Thermodynamic Analysis of a Designed Three-Stranded Coiled Coil

Abstract
The study and successful design of coiled-coil protein structural motifs have provided much insight into the rules governing protein folding and stability. In this work we use a thermodynamic approach to quantitate the rules that govern the specific oligomerization of coiled coils. We have designed a highly stable trimeric coiled coil by placing valine residues at each a position and leucine residues at each d position of the heptad repeating unit. The peptide forms a very stable trimer as determined by sedimentation equilibrium, and the concentration dependence of its circular dichroism spectrum follows a cooperative monomer/dimer/trimer equilibrium with the dimer state as a highly unstable intermediate. Its guanidinium chloride denaturation curve was collected at several peptide concentrations, and analysis of the data confirms the cooperativity of the trimerization process and provides a free energy of stabilization of −18.4 kcal mol-1 for the trimer.

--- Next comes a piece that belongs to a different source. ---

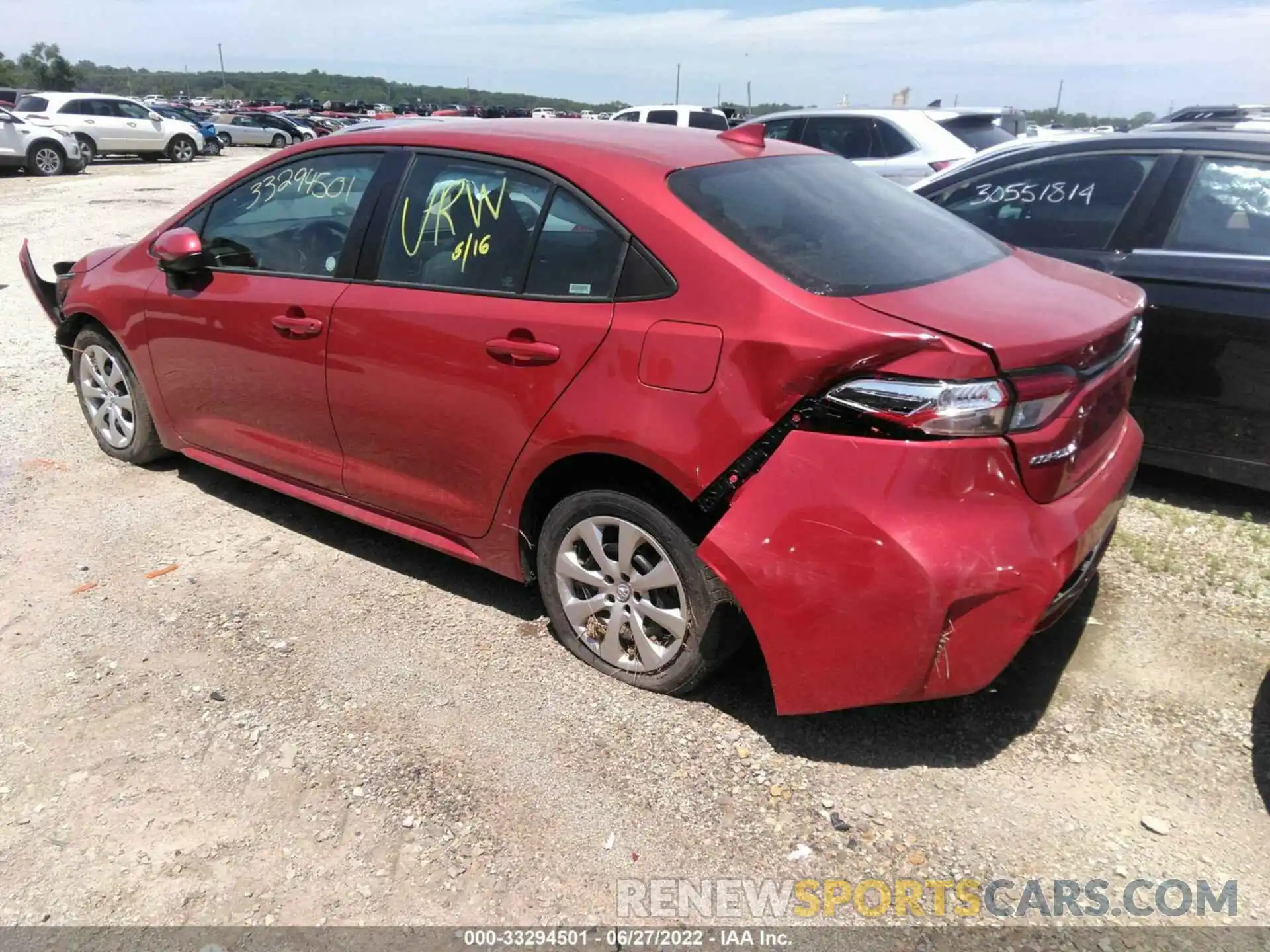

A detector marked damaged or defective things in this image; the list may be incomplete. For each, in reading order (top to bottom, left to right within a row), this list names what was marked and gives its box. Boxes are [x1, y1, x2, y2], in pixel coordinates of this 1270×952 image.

The heat capacity, ΔCp, was measured by global analysis of thermal unfolding data collected at a number of guanidinium chloride concentrations. Guanidinium chloride induces cold denaturation in the thermal unfolding curves, providing a reasonably well-determined value for ΔCp of 750 cal deg-1 mol-1. This translates to a ΔCp of 8.6 cal deg-1 mol-1 per residue and corresponds well to that expected of a coiled coil with a well-defined tertiary structure.